→ **Assignment**
All of the listing below must be repeated word for word. Pictures are the only thing to omit.

→ **Provided records**
- - - - -

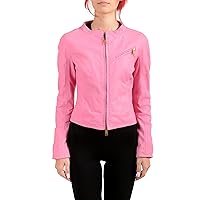 Dsquared2 Women's Pink 100% Leather Full Zip Bomber Jacket US L IT 44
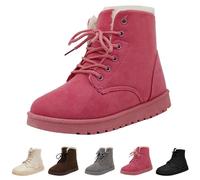 Bottes de neige mi-mollet doublées de fourrure pour femme - Coupe large - Bout rond - Cuir souple - Chaussures plates à lacets - Légères et antidérapantes - Pour trekking, camping, voyage, randonnée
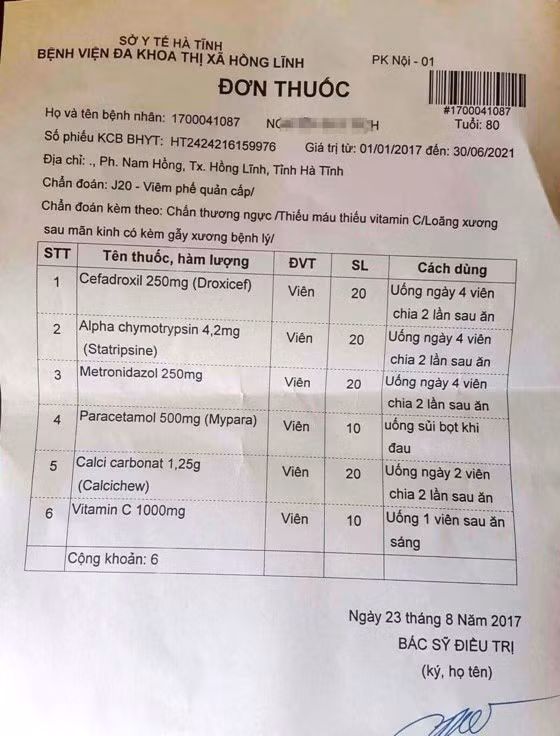 Đơn thuốc chẩn đoán của ông Nguyễn D. T.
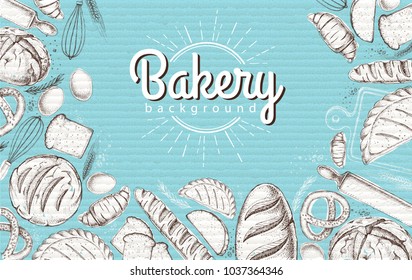 Bakery background. Top view of bakery products on cardboard backgrond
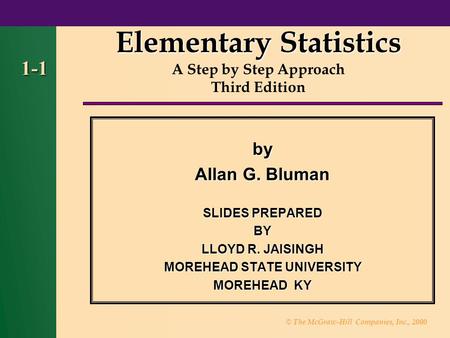 Elementary Statistics MOREHEAD STATE UNIVERSITY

- - - - -

→ **Written reply**
 Dsquared2 Women's Pink 100% Leather Full Zip Bomber Jacket US L IT 44
 Bottes de neige mi-mollet doublées de fourrure pour femme - Coupe large - Bout rond - Cuir souple - Chaussures plates à lacets - Légères et antidérapantes - Pour trekking, camping, voyage, randonnée
 Đơn thuốc chẩn đoán của ông Nguyễn D. T.
 Bakery background. Top view of bakery products on cardboard backgrond
 Elementary Statistics MOREHEAD STATE UNIVERSITY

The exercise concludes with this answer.